§ Problem requirements
Using the line with "this 600×336 image." as your starting point, transcribe it and each line beneath it word for word until the records run out, without pictures.
◆ ◆ ◆ ◆ ◆ ◆ ◆
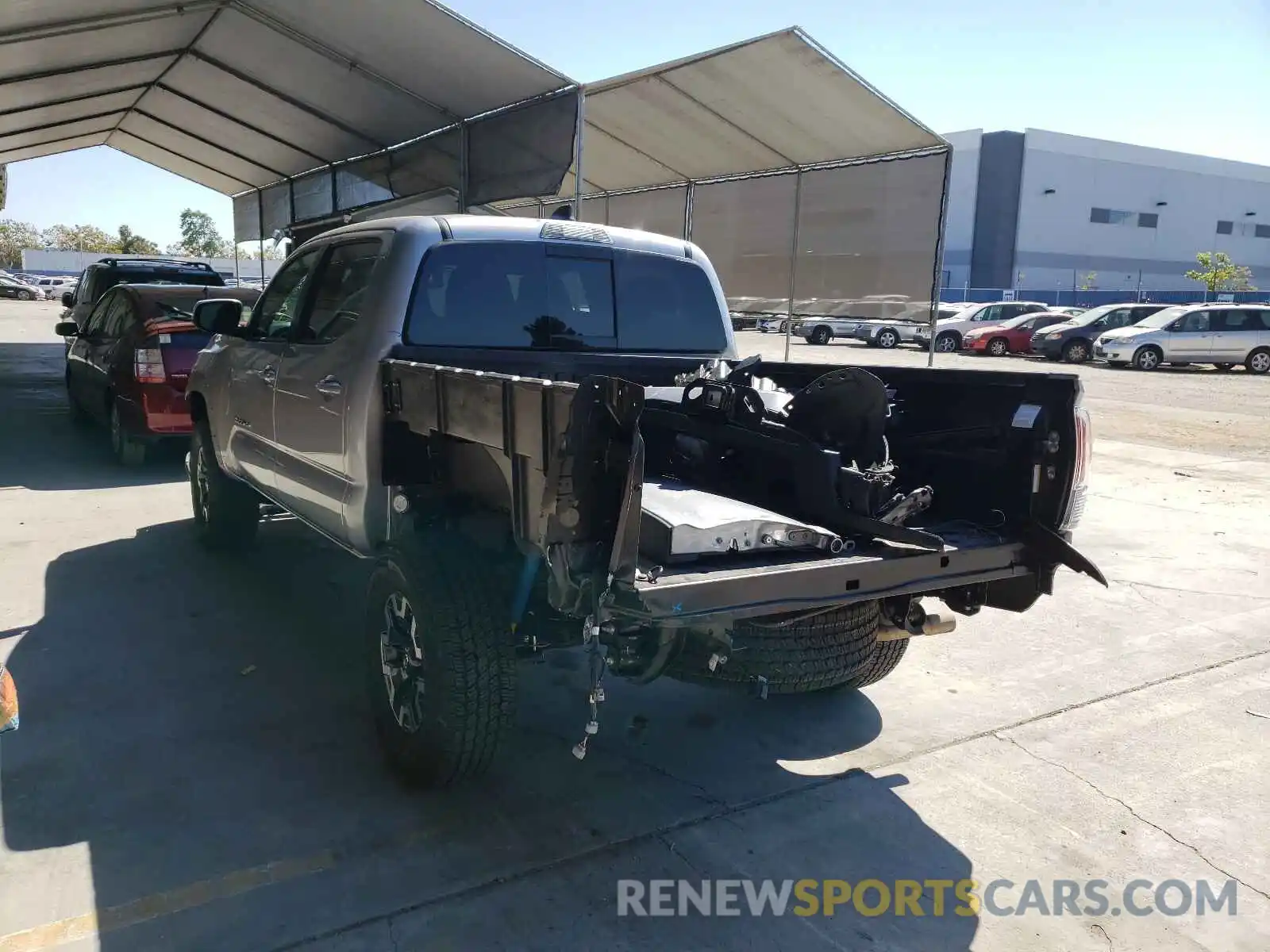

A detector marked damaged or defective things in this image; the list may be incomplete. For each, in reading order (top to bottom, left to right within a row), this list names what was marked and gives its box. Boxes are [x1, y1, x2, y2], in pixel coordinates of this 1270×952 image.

damaged toyota tacoma [183, 217, 1105, 787]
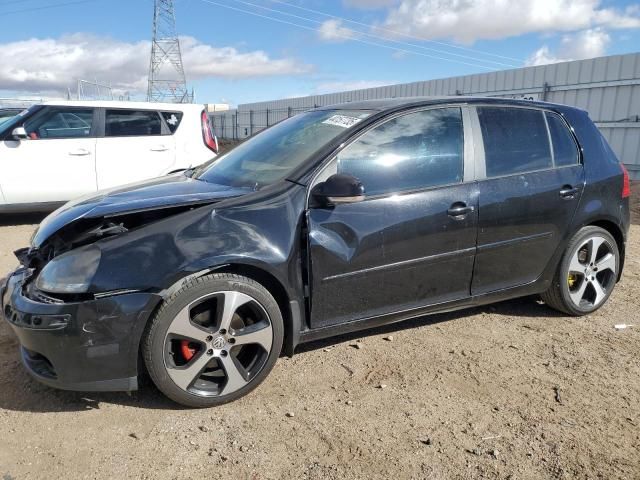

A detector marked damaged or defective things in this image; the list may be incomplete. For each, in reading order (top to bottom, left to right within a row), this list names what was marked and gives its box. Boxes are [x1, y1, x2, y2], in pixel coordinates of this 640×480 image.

dented hood [31, 173, 250, 248]
damaged black hatchback [0, 98, 632, 408]
crumpled front bumper [0, 268, 162, 392]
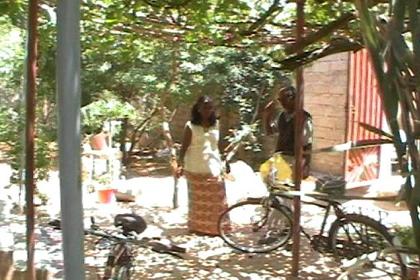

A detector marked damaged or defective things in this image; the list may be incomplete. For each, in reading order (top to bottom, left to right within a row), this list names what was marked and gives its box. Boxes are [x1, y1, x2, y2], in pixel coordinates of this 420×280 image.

rusty corrugated metal wall [344, 49, 384, 183]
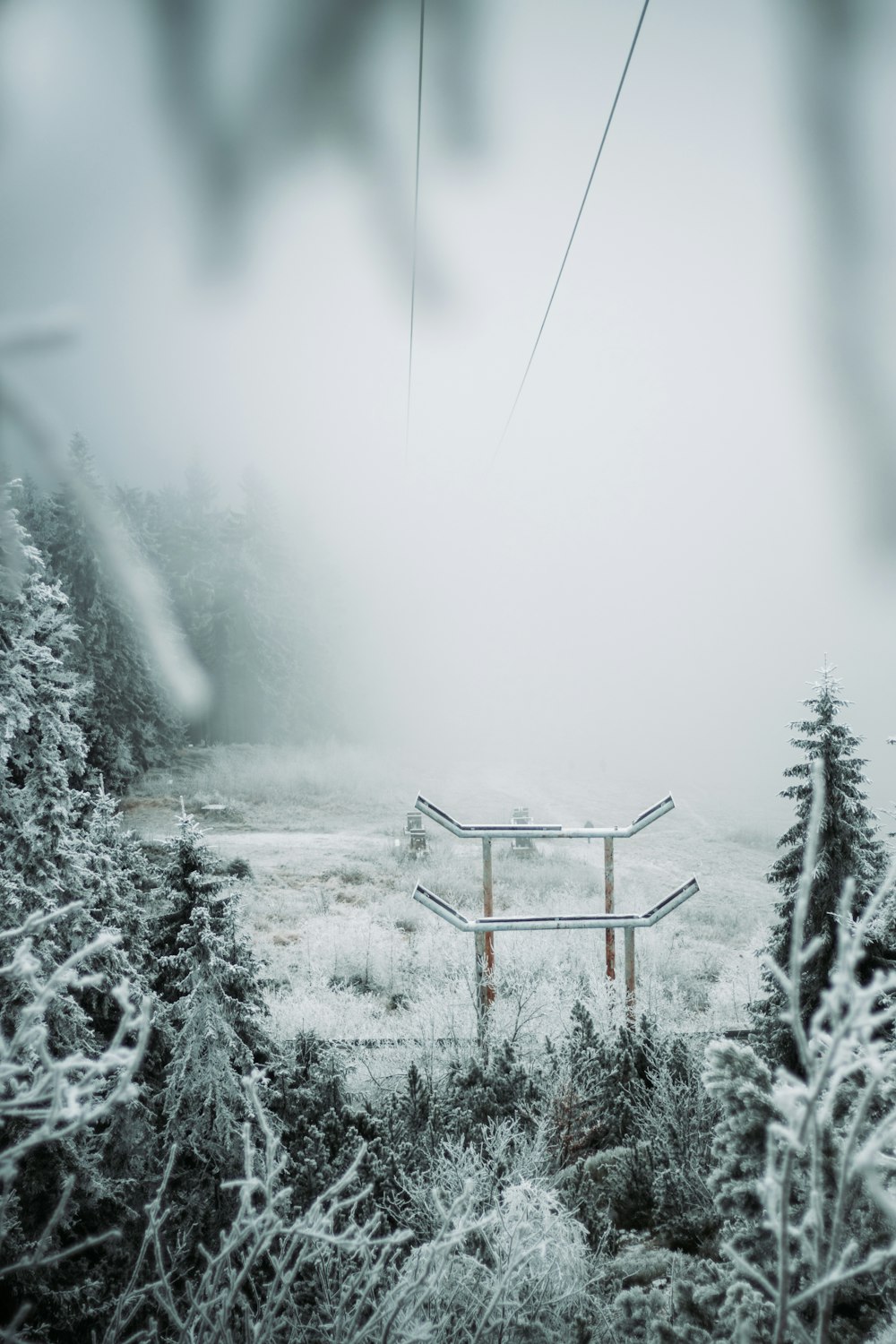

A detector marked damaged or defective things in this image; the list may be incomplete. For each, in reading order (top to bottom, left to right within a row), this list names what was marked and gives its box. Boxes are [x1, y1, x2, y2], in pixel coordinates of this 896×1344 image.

rusty support pole [484, 839, 498, 1004]
rusty support pole [602, 842, 616, 982]
rusty support pole [624, 932, 638, 1025]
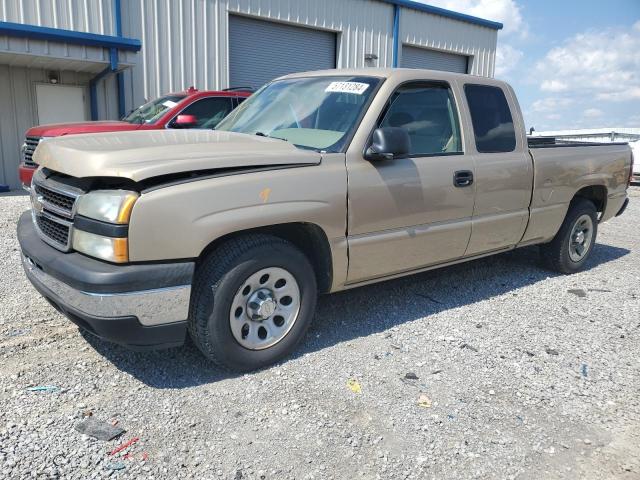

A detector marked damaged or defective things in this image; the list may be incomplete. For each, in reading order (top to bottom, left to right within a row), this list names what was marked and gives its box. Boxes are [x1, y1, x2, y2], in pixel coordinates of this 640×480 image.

damaged hood [32, 129, 322, 182]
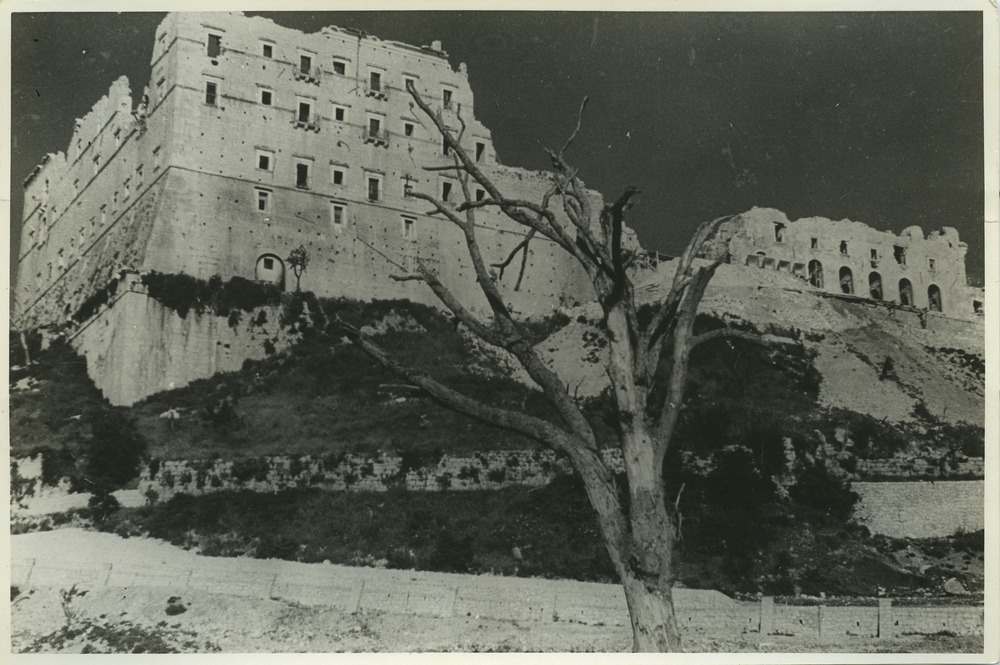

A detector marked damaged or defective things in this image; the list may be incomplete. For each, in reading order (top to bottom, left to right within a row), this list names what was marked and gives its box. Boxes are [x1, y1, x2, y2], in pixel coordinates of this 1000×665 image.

damaged stone facade [15, 10, 596, 332]
damaged stone facade [712, 209, 984, 320]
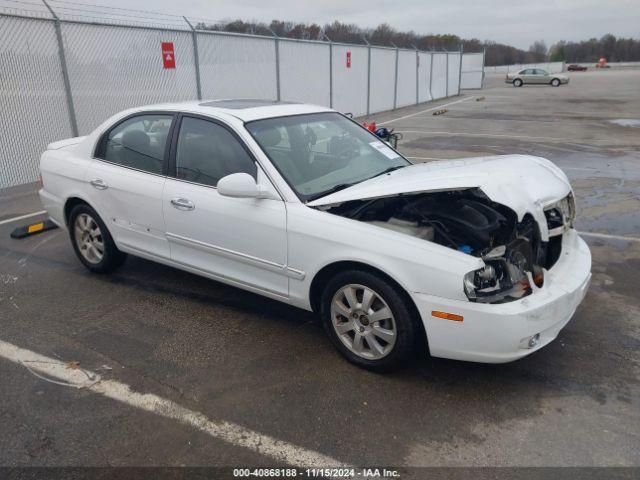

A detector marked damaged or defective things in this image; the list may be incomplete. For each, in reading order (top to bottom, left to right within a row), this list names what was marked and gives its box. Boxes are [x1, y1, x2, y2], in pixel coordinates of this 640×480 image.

crumpled hood [308, 156, 572, 240]
damaged front end [320, 188, 576, 304]
broken headlight [462, 258, 536, 304]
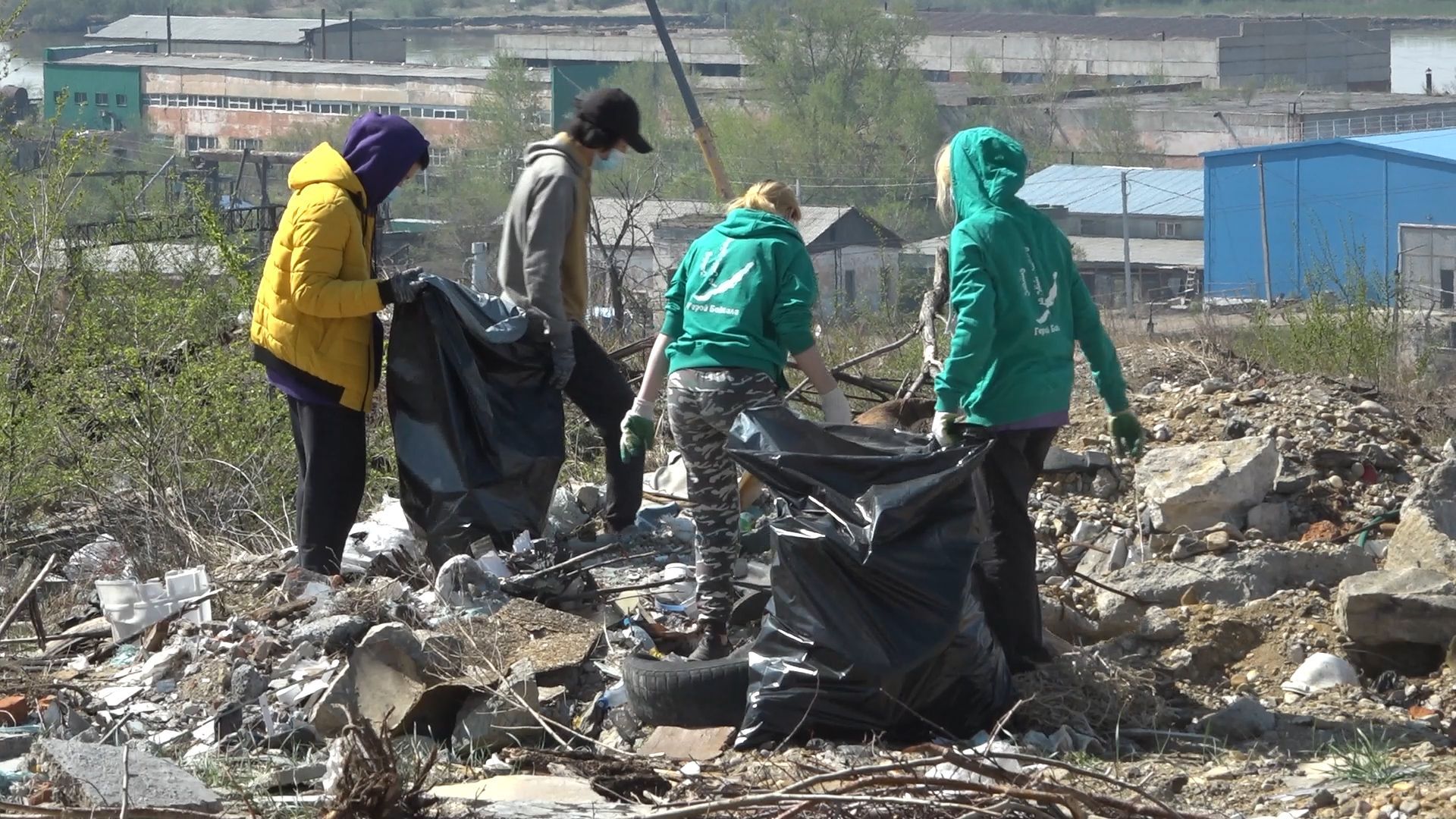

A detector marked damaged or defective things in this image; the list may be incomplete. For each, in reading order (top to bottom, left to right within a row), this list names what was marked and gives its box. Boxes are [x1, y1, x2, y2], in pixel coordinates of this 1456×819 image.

broken concrete block [1135, 437, 1275, 533]
broken concrete block [1246, 498, 1292, 541]
broken concrete block [1374, 460, 1456, 574]
broken concrete block [290, 612, 369, 650]
broken concrete block [1333, 559, 1456, 644]
broken concrete block [451, 658, 544, 752]
broken concrete block [32, 734, 221, 810]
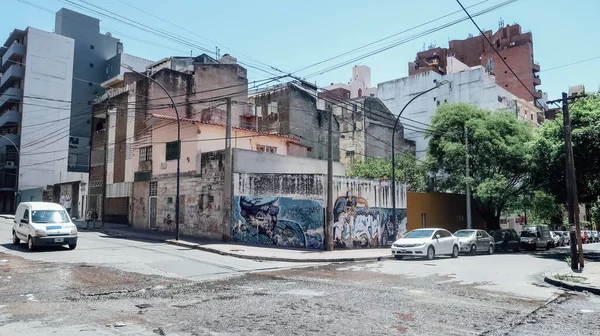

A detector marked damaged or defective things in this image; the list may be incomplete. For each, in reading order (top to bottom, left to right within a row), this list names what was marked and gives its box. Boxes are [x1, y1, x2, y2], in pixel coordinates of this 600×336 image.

cracked asphalt [1, 219, 600, 334]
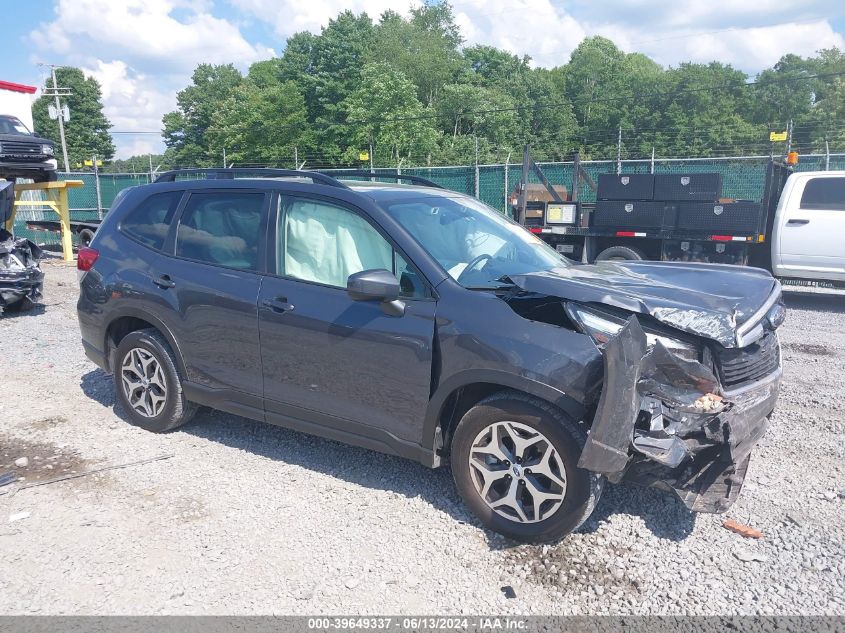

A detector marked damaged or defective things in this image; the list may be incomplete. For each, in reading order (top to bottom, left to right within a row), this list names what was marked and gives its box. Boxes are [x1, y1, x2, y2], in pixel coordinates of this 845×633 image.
◆ ◆ ◆ ◆ ◆ ◆ ◆
§ Solved problem
A detector marked damaged or defective things in this image; the list may be incomplete. For each, in reading order (top to bottom, left to right within a row), this list names what was marked and gives its box. Boxes are [x1, y1, x2, y2], in pixel coordinates of this 600×336 image.

cracked asphalt [1, 219, 600, 334]

A detector marked damaged or defective things in this image; the list may be incomplete. For each, in reading order (top to bottom, left to right within a row), this list names what was marked and gives its box. Boxes are [x1, y1, x2, y2], in pixel coordinates of this 845×633 image.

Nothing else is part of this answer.